Start of Block

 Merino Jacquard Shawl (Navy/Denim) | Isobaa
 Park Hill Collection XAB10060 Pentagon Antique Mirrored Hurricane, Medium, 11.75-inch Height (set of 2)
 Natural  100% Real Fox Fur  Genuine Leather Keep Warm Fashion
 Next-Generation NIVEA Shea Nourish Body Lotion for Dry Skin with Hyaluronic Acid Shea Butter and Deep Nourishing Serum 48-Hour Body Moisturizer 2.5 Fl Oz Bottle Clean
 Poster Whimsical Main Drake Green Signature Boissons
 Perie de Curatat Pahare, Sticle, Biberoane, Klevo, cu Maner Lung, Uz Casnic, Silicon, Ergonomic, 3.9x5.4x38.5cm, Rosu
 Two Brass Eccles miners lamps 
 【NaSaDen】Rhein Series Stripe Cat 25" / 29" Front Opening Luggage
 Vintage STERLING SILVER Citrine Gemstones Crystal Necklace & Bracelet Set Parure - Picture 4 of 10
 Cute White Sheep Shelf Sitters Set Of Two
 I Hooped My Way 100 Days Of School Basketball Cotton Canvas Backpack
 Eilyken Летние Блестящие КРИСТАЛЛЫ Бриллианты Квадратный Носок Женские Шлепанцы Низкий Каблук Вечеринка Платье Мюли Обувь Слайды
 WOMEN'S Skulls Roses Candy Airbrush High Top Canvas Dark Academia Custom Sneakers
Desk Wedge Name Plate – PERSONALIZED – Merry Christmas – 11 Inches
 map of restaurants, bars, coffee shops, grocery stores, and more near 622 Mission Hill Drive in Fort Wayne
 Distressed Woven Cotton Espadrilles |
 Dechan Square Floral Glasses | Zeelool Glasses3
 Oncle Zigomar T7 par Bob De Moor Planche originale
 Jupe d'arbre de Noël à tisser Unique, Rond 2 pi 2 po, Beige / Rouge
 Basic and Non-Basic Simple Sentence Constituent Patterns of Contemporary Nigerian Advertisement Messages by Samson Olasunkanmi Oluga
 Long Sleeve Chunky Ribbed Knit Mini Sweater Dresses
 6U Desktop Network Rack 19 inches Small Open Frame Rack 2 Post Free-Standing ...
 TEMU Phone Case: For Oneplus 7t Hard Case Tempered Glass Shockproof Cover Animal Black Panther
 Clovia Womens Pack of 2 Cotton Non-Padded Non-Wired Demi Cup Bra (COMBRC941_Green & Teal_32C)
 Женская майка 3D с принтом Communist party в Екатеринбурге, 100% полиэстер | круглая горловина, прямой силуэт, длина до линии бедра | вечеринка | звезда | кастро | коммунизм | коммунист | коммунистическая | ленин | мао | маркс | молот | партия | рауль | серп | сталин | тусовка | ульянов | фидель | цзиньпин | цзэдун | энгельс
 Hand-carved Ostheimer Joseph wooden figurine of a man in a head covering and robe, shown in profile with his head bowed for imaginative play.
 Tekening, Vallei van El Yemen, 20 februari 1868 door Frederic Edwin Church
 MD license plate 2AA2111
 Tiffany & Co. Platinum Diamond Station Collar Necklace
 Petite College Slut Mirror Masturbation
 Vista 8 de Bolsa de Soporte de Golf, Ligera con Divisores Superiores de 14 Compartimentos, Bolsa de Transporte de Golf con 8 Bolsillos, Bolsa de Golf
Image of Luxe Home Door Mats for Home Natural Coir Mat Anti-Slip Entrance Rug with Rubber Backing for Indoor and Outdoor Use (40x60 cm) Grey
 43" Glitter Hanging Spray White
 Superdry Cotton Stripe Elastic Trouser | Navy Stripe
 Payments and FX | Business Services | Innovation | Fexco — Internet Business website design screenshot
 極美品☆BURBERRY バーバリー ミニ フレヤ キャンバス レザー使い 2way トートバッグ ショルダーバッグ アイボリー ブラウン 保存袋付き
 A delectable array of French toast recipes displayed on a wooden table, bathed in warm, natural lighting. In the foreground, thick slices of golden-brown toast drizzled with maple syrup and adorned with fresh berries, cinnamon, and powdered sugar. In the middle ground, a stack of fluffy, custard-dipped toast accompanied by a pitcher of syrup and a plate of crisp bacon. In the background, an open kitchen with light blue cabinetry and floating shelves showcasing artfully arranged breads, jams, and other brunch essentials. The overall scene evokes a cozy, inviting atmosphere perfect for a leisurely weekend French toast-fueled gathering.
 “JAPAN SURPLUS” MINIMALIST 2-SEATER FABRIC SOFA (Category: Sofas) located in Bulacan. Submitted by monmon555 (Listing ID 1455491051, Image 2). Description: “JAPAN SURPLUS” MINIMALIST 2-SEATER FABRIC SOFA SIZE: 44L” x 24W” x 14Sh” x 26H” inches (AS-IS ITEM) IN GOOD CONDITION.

End of Block

TASK REQUIREMENTS:
Every line of the listing that holds the word "Image" is to be found and copied.

FINAL ANSWER:
Image of Luxe Home Door Mats for Home Natural Coir Mat Anti-Slip Entrance Rug with Rubber Backing for Indoor and Outdoor Use (40x60 cm) Grey
 “JAPAN SURPLUS” MINIMALIST 2-SEATER FABRIC SOFA (Category: Sofas) located in Bulacan. Submitted by monmon555 (Listing ID 1455491051, Image 2). Description: “JAPAN SURPLUS” MINIMALIST 2-SEATER FABRIC SOFA SIZE: 44L” x 24W” x 14Sh” x 26H” inches (AS-IS ITEM) IN GOOD CONDITION.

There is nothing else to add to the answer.